Records to use below:

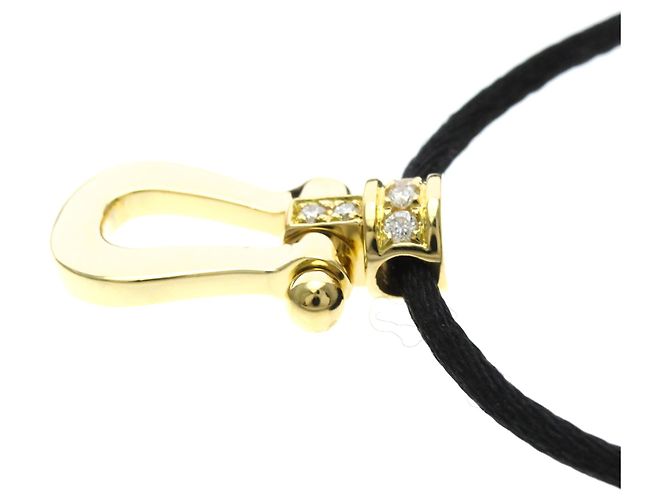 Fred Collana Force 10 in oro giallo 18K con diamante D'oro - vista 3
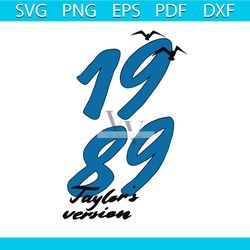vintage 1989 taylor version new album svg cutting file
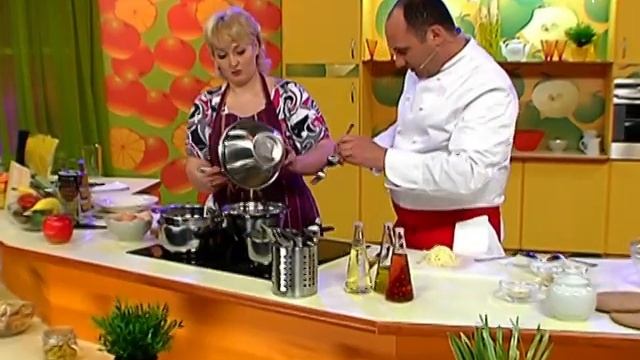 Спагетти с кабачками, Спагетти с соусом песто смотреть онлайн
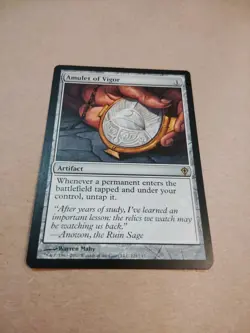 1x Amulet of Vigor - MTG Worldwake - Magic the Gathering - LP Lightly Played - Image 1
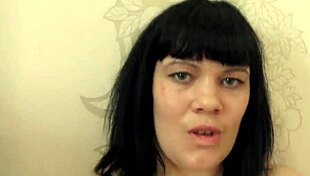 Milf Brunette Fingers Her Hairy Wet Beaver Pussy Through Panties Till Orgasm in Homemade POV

End of Records to use.

• [Task directions]
Exact copies of the entries above are needed, with every picture removed.

• [Output below]
 Fred Collana Force 10 in oro giallo 18K con diamante D'oro - vista 3
vintage 1989 taylor version new album svg cutting file
 Спагетти с кабачками, Спагетти с соусом песто смотреть онлайн
 1x Amulet of Vigor - MTG Worldwake - Magic the Gathering - LP Lightly Played - Image 1
 Milf Brunette Fingers Her Hairy Wet Beaver Pussy Through Panties Till Orgasm in Homemade POV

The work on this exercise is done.